Japan / Australia Tour (1987) The tour ran from 15 November 1987 to 29 May 1988, a large-scale, in-the-round production that toured sports arenas.
Starlighthalle, Bochum, Germany (12 June 1988 – present)
US/Canada Tour 1 (1989) The first US Tour, a downscaled production directly descended from Broadway, ran in the U.S. and Canada from November 1989 – 12 April 1991. The set included a small loop of track into the audience, and the races were pre-recorded film mixed with live action.
Japan Tour (1990) Starlight Express returned to Japan from 24 March – 18 July 1990 in a revival of the 1987–1988 production.
Las Vegas (1993) Opened 14 September 1993 in an abridged, 90-minute production without an intermission at the Las Vegas Hilton, where it ran until 30 November 1997. The show required a massive conversion of the theatre, including pouring concrete ramps into the seating area.
Mexico (1997) From October 1997 until April 1998, a Spanish-language production directed and staged by Bobby Love (after Arlene Philips) played at the Teatro Polanco in Mexico City.
US Tour On Ice (1997) A completely re-designed production by Feld Entertainment performed Starlight Express on Ice, touring the United States from 6 September 1997 – 1 February 1998.

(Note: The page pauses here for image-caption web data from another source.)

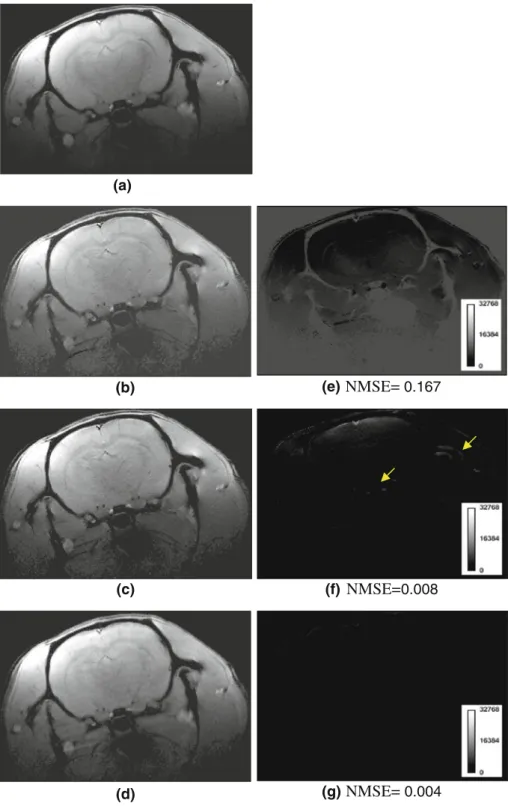 Fig. 5 The left column illustrates the reconstructed brain images from a set of 4-channel a full k-space data using ROEMER reconstruction and subsampled data using b HM_SENSE,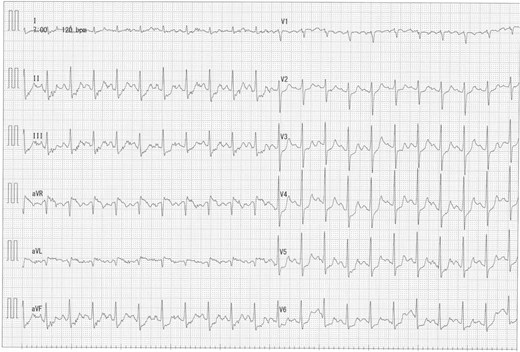 Exercise ECG showing diffuse ST depression.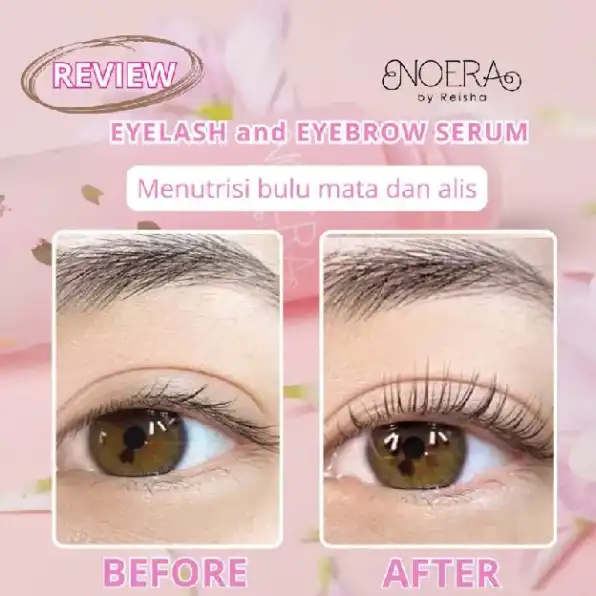 Noera Eyelash & Eyebrow Serum | Serum Bulu Mata dan Alis | Serum Pemanjang Bulu Mata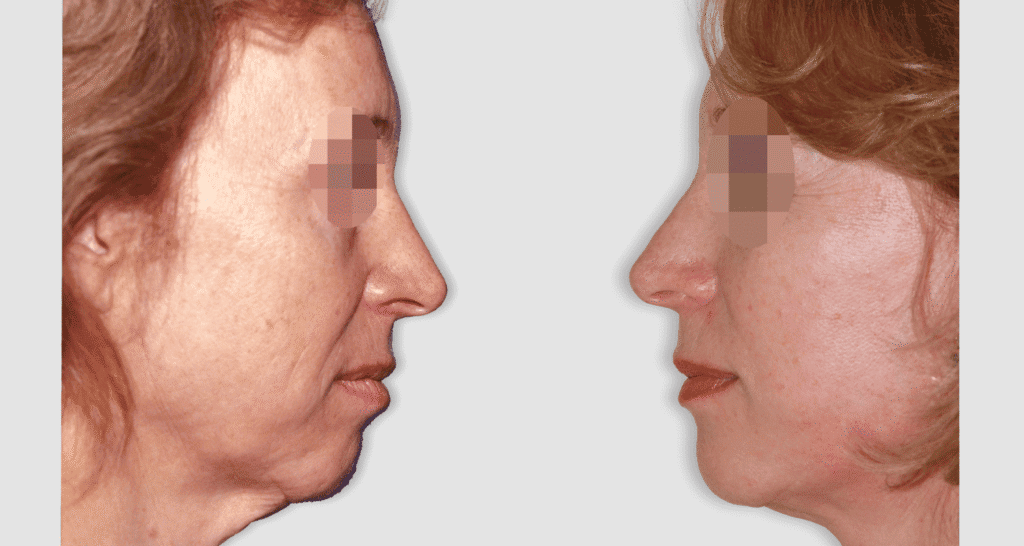 Vorher/Nachher Ergebnis: Facelift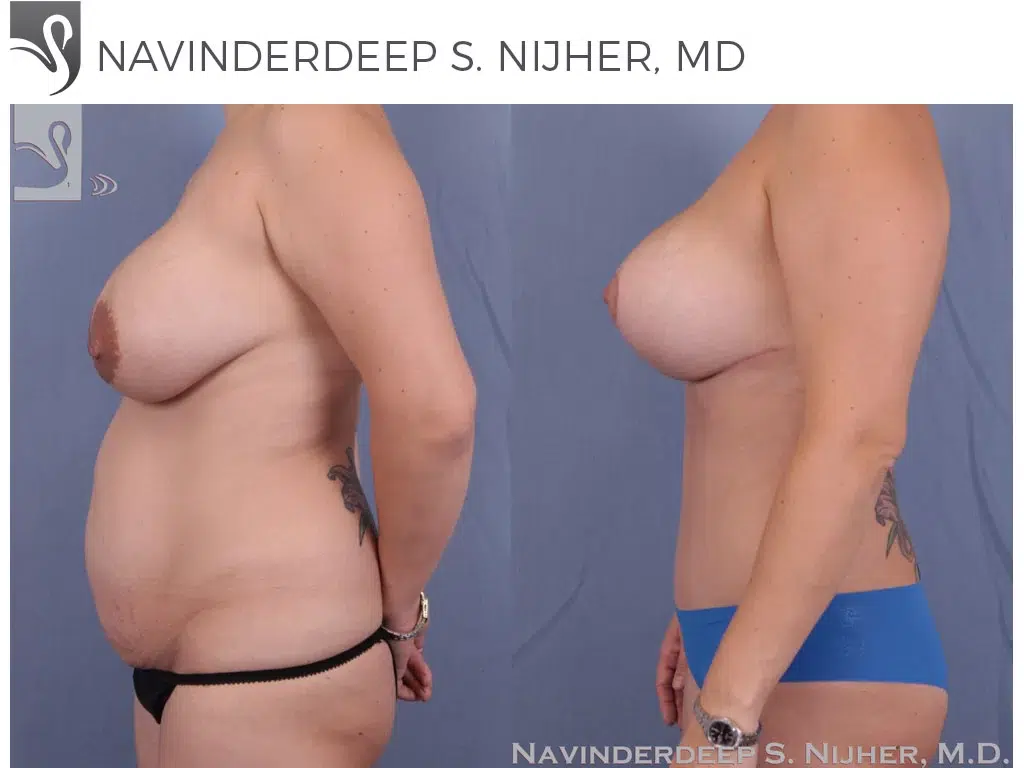 Before and After Image: Mommy Makeover Case #40869 - left-side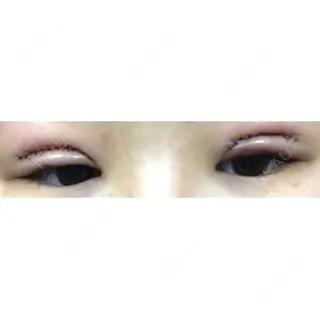 0日目の経過画像（1枚目）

US Tour (2003) Following the closure of the London production, Starlight Express: The Third Dimension, a touring production opened in Biloxi, Mississippi. It was a downscaled and shortened version of the show, with further revisions to the material by American composer David Yazbek. Owing to the restrictions of touring theatres, digital video company Inition were commissioned to produce high-definition race footage in 3-D film to replace the live racing. The show ran from 1 April 2003 until 13 June 2004.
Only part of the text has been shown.